It is no secret that many small businesses were affected by the COVID-19 pandemic. This is why the United States government stepped in to try to help. One resource that the government provided was the Employee Retention Credit, also known as the ERC.
This has become a very important tool for employers that struggled to keep their business doors open and their employees on board while they had to shut down shop thanks to government orders during the pandemic.

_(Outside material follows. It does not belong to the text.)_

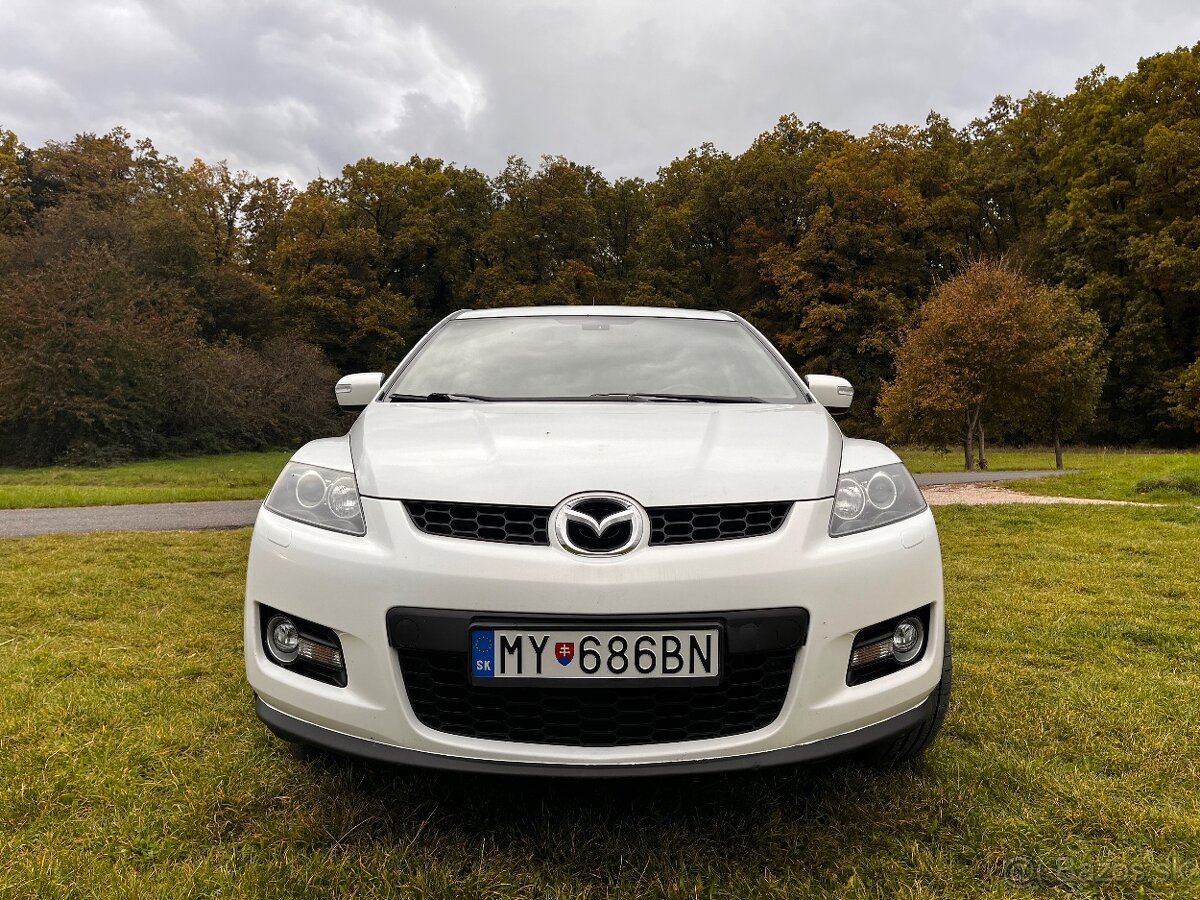 Mazda CX7 - 3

Unless you are a certified accountant you might be a bit confused and overwhelmed with claiming this credit. We have put together the guide below to share our top tips to help you claim the ERC successfully.
Read on to learn more.
Understand the Requirement to Be Eligible
Before you can try to claim the credit on your taxes you need to understand the requirements to be considered eligible. One way to be eligible for the employee retention credit is to have seen a 50% or more decline in gross receipts in comparison to the same quarter the previous year.

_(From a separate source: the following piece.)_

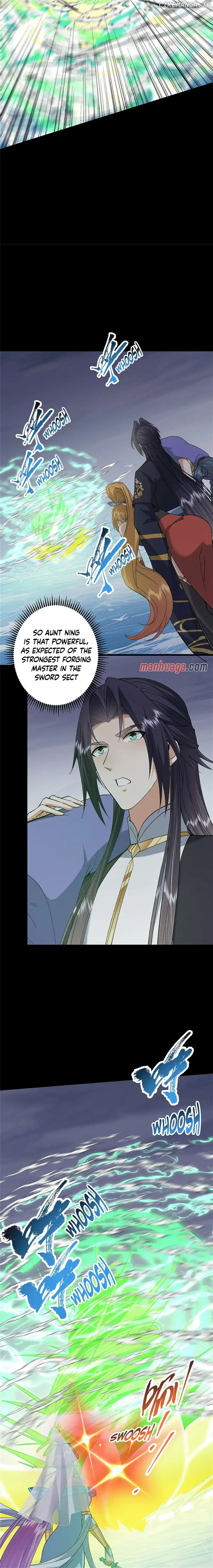 Keep A Low Profile, Sect Leader Chapter 380 69 14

Your business also has to have experienced either a part time suspension or 100% suspension of your operations because of government related orders thanks to COVID-19.
Current legislation has expanded the eligibility requirements and also the credit amounts. Thanks to the Consolidated Appropriations Act of 2021, you can claim the ERC for the wages that you paid between January 1, 2021, through December 31, 2021. Also, current legislation increased to amount to 70% and up to $10,000 of qualified wages per employee per quarter.
Calculate Your Credit Amount
Calculating the right amount of the employee retention credit is also important when it comes to filing your correct taxes. The tax credit can be up to 70% of qualified wages that are paid to employees and we recommend working out ERC to ensure that you calculate this correctly. The maximum you can claim per quarter for each employee is $10,000.
Also, keep in mind that you are not allowed to claim the same wages that you claimed for your PPP loan forgiveness application.
The proper form to claim the ERC is called Form 941. This is the Employer’s Quarterly Federal Tax Return form. The key is to correctly calculate the credit on the form and also include this credit on the correct line of Form 941.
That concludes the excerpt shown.